The works commenced in around March 2011. Practical Completion was achieved on or about 22 March 2012.
Evolve engaged PRP as the Employer’s Agent for the project.
On 20 September 2010 BYUK engaged Warings Contractors Limited (“WCL”) to carry out and complete the design and construction works. BYUK’s case is that BYUK subsequently purchased WCL’s business and undertakings.
On 13 May 2011 WCL engaged Salus to provide Building Control services.
On 8 July 2011 WCL engaged STL to provide services. Without at this stage deciding precisely what services STL was to provide, its services included:
Design development, including co-ordination of the designs of other consultants, subcontractors and suppliers and integration of such work into the overall design;
Preparation of design drawings;
Production of large scale external wall section drawings, external envelope construction details, fire protection drawings and specifications;
Attendance at meetings as agreed with WCL in connection with the design of the works and inspecting generally the progress and quality of the work.
On 27 June 2012 STL executed a warranty in favour of Evolve. Evolve’s claim against STL in contract is founded upon this warranty. The contractual standard under the warranty is to exercise all reasonable skill, care and diligence to be expected of properly qualified and competent architects.

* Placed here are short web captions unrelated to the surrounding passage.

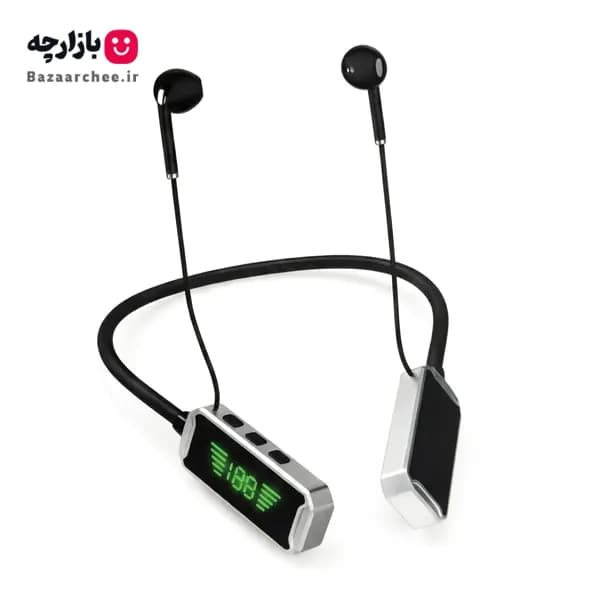 هندزفری گردنی بلوتوثی لوینو LEVINO بهمراه صفحه نمایش و نصب کارت حافظه مدل KL50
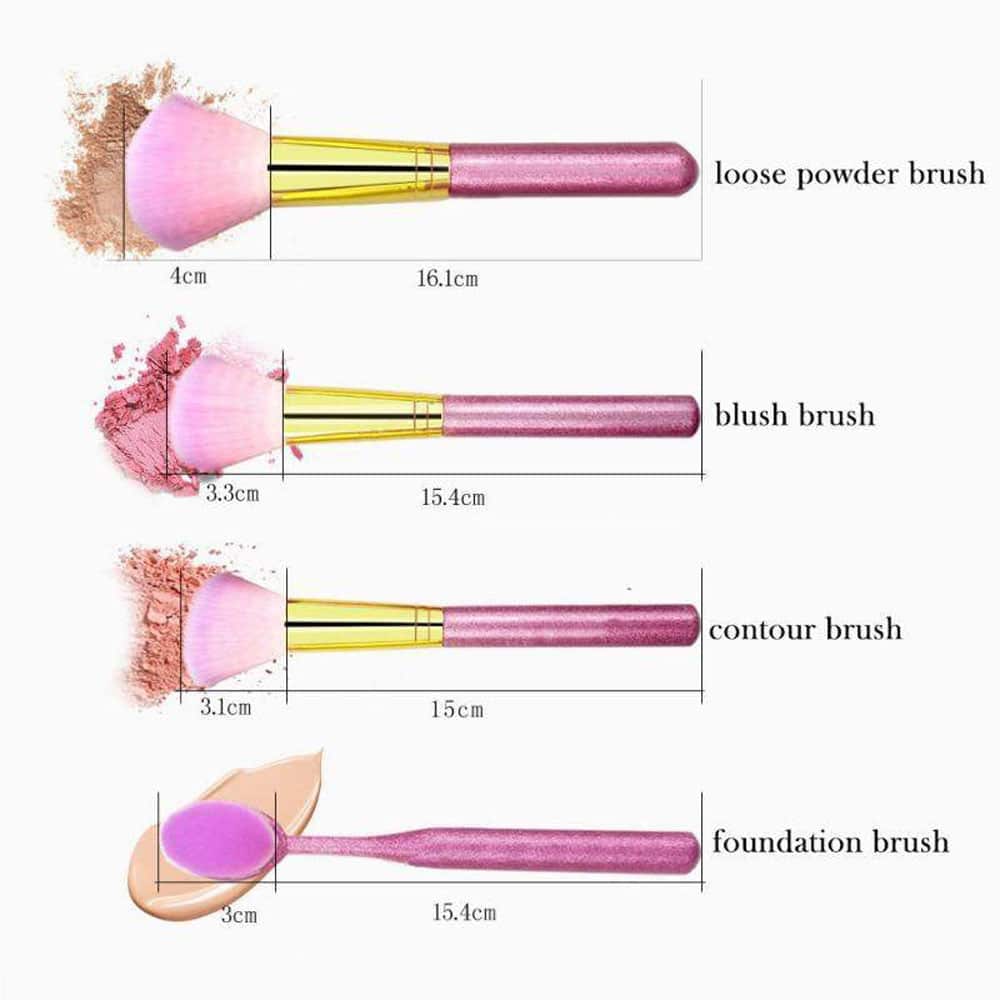 ست برس آرایشی مدل 04 مجموعه 9 عددی 2 ست برس آرایشی مدل 04 مجموعه 9 عددی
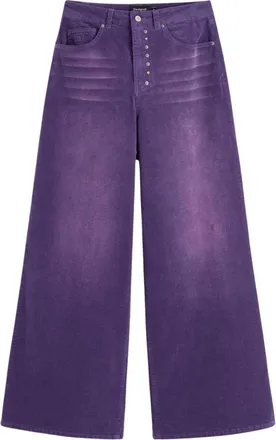 Desigual Mujer, Pantalones, P&uacute;rpura, Talla: XS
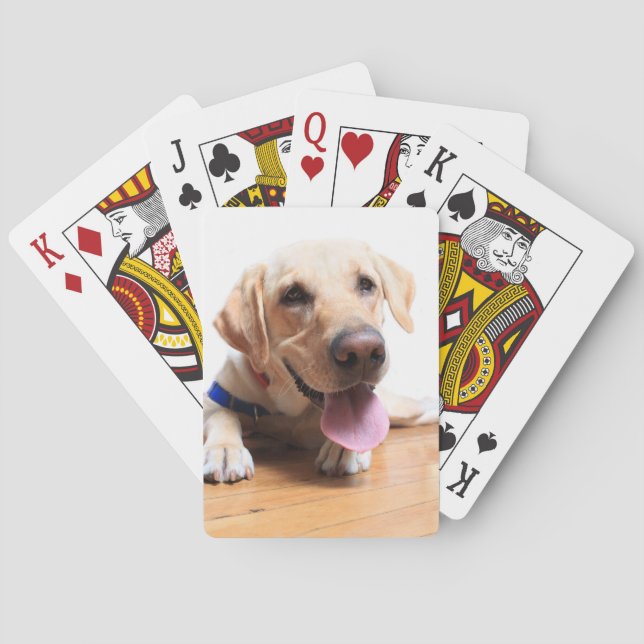 Labrador Retriever Poker Cards (Back)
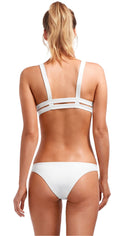 Vitamin A EcoLux Neutra Hipster Bottom in White 42B-ECW:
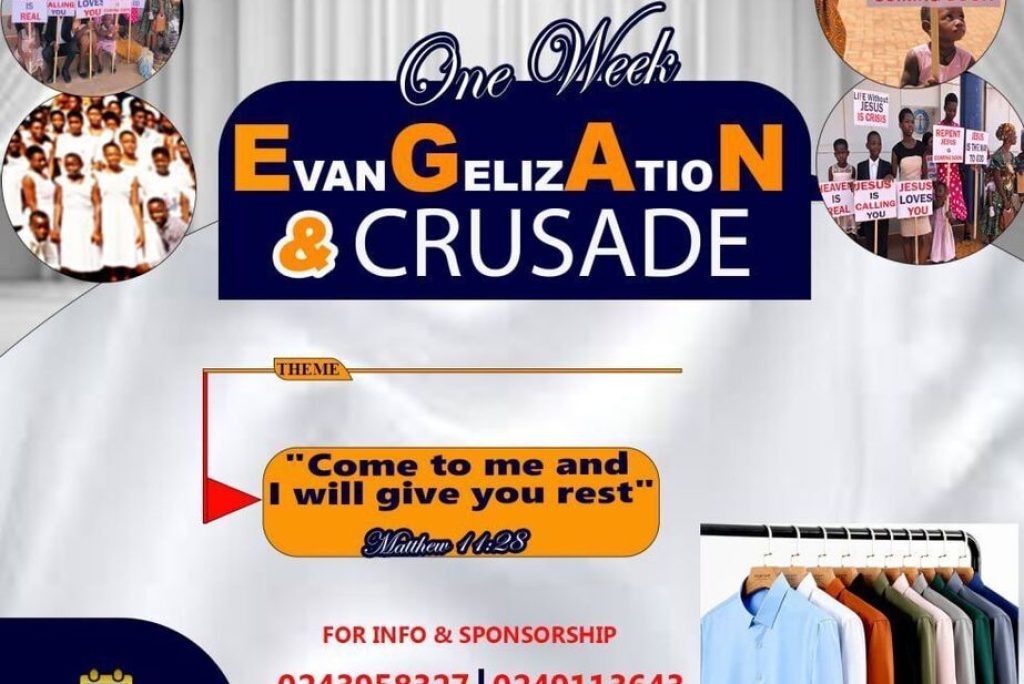 Ghana Events – One week evangelization and crusade, Kumasi Province Outreach ministry.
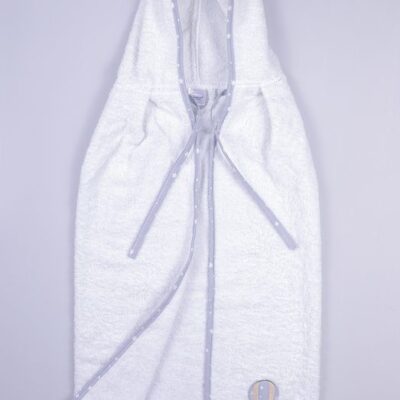 DIMcol ΚΑΠΑ ΒΡΕΦ Cotton 100% 75X85 ΑΕΡΟΣΤΑΤΟ 05 ΛΕΥΚΟ/ΓΚΡΙ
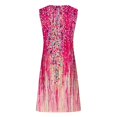 thumbnail image 5 of Vestido casual de mujer SCZ vestido de verano vestido lencero vestido fruncido diario cita salir moda correa básica sin mangas ajuste holgado rosa fuerte / m, 5 of 5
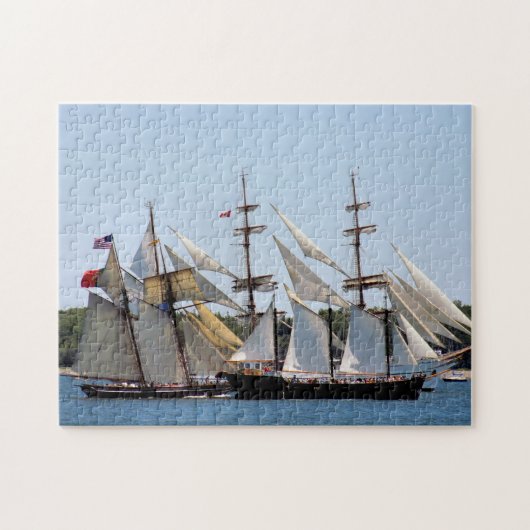 Tall Ship Parade of Sails Festival Foto Legpuzzel (Horizontaal)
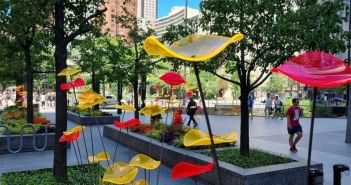 Flexible, langlebige Glasfaserstäbe ermöglichen filigrane Sonnenfänger mit lebendigen (Foto: CG TEC Carbon und Glasfasertechnik GmbH)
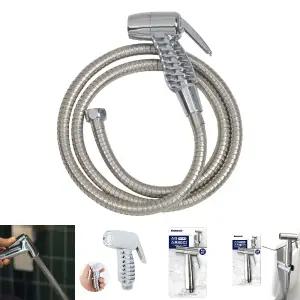 (미니 1.5M) 스프레이건 메탈 호스 세트/욕실건/화장실/욕실/분사기/수도/물스프레이건/화장실건/청소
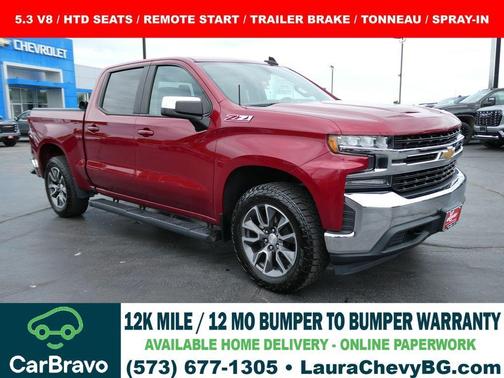 Cajun Red Tintcoat 2019 Chevrolet Silverado 1500 LT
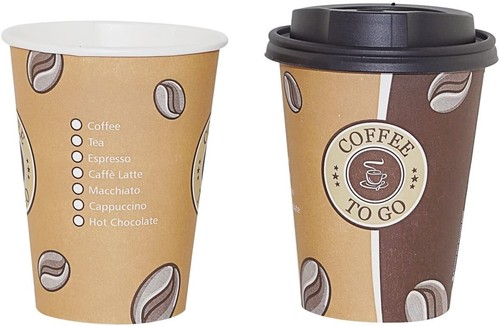 Top pappbecher l - top, 0,3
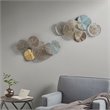 Pemberly Row Transitional Metal Wall Decor in Multi-Color (Set of 2)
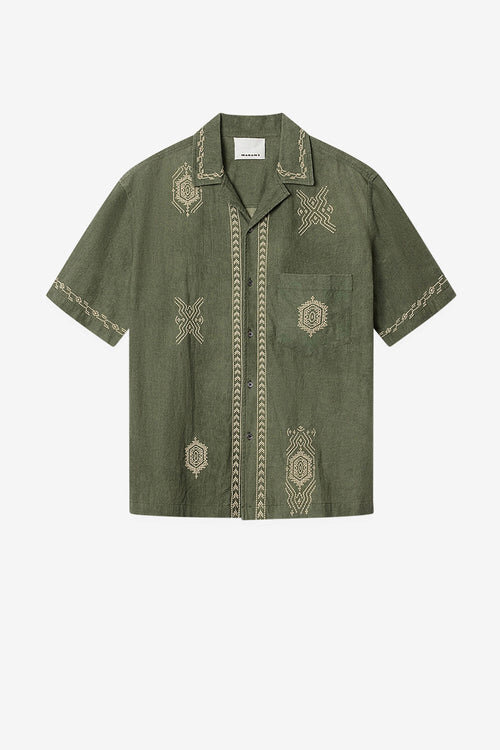 Zekim Embroidered Cotton Gauze Shirt Zekim Embroidered Cotton Gauze Shirt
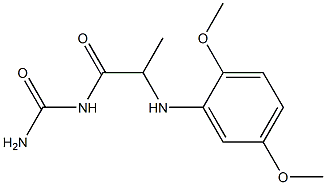 {2-[(2,5-dimethoxyphenyl)amino]propanoyl}urea 구조식 이미지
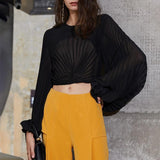 Luxe Blousy Crop Top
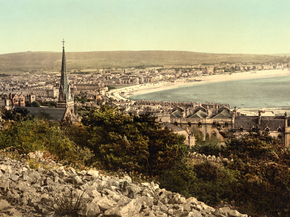 General view, Weston-super-Mare, England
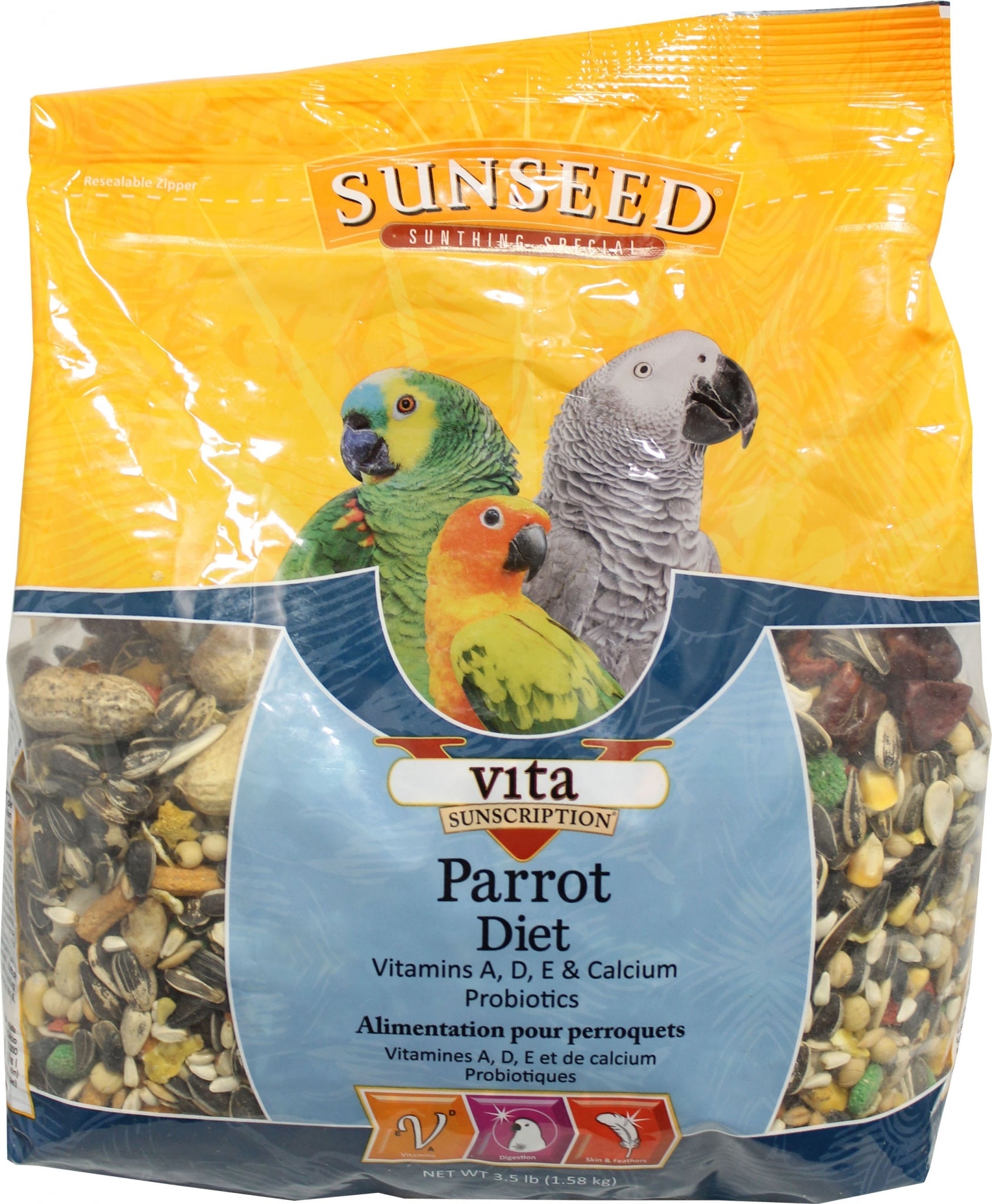 Sunseed Vita Sunscription Parrot Formula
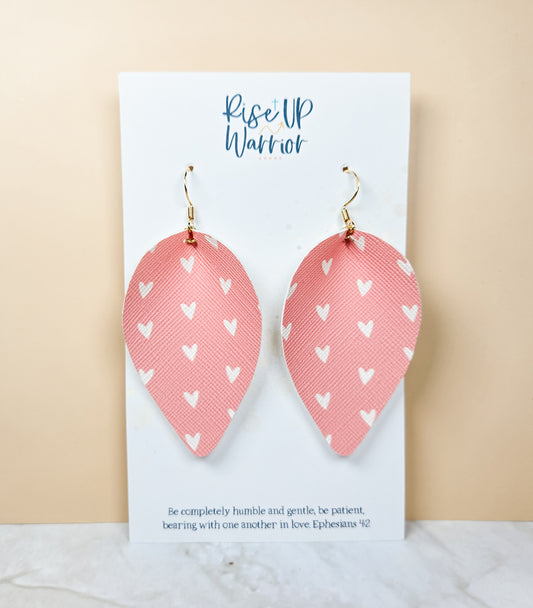 Heart Pattern Leaf Earrings
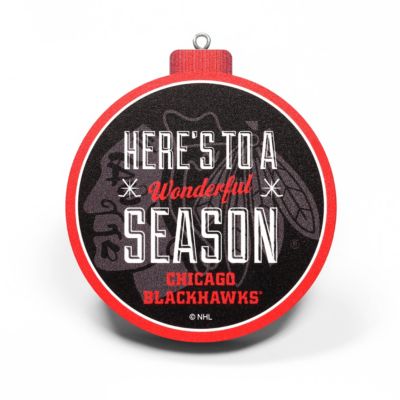 YouTheFan NHL Chicago Blackhawks 3D Logo Series Ornaments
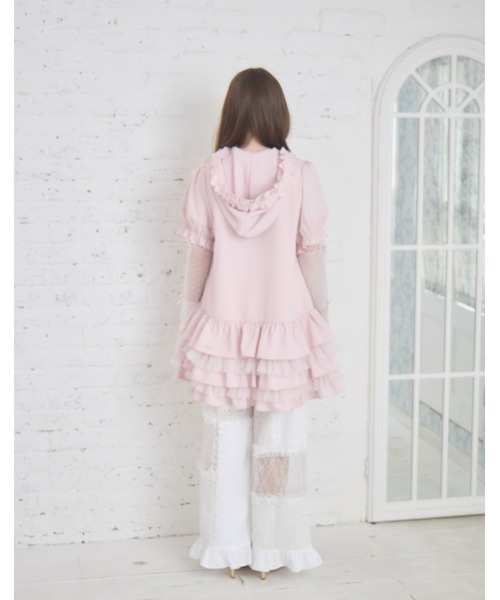 Lolime by mellfy memory(ロリミー バイ メルフィーメモリー)の「hooded frill ruffle mini dress(ワンピース・レディース・ブルー/ピンク・M/LL)」の9枚目の写真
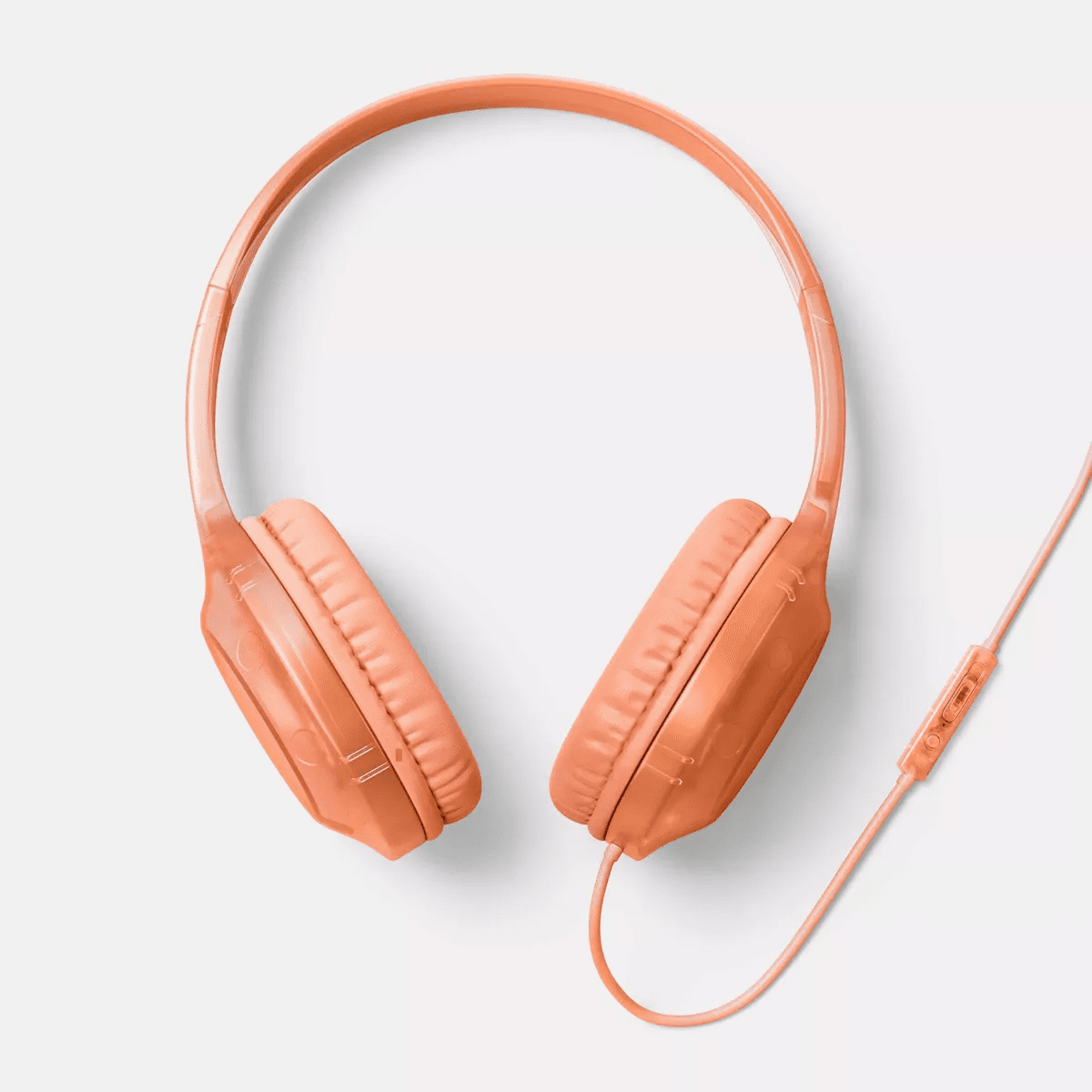 Wired On-Ear Translucent Jelly Headphones - Heyday - Image 6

Evolve’s case alleges that there were fire safety defects in the façade of Alexandra House. There are, in essence, two cladding systems at the Property:
A terracotta cladding system. The terracotta tiles were a proprietary product: KeraTwin K3. This system was supplied, designed and installed by KTD Facades Limited (“KTD”), seemingly a specialist sub-contractor to WCL. The sub-contract between WCL and KTD was dated 29 September 2012.
A copper cladding system. These panels were another proprietary product: TECU Bronze KME panels. As below, the system was supplied, designed and installed by Richardson as a specialist sub-contractor to WCL. The sub-contract between WCL and Richardson was dated 17 May 2011.
It is Evolve’s case that opening up works revealed widespread and dangerous fire safety defects to the copper and terracotta clad external walls. These are alleged to include:
Missing and defectively installed fire cavity barriers;
Missing fire collars and dampers around service penetrations;
Excessive gaps around window openings with missing fire stopping at such junctions;
Defectively installed insulation boards;
The use of (combustible) plywood within the wall construction of the copper cladding system.
Evolve also claims that as a consequence of the widespread nature of those categories of defects it was necessary to replace the terracotta and copper clad external walls. Evolve claims that as a consequence of these defects, BYUK, PRP and STL all failed in their contractual and tortious duties in that the work undertaken by them in connection with the design and/or installation and/or inspection of the external walls and all constituent parts fell below the standard reasonably to be expected.
The application with which this judgment is concerned is an application by STL that Evolve should be ordered to provide Further Information in answer to Requests served on 28 April 2021.
Evolve responded to those Requests on 26 May 2021. STL says that Evolve failed to particularise its case on causation and breach. The thrust of Evolve’s position was that it was unable properly to plead until it had been provided with disclosure of the designs for, and inspection records of, the property.
The Requests in respect of which STL seeks orders are Requests 13, 18, 19, 20, 21 and 23.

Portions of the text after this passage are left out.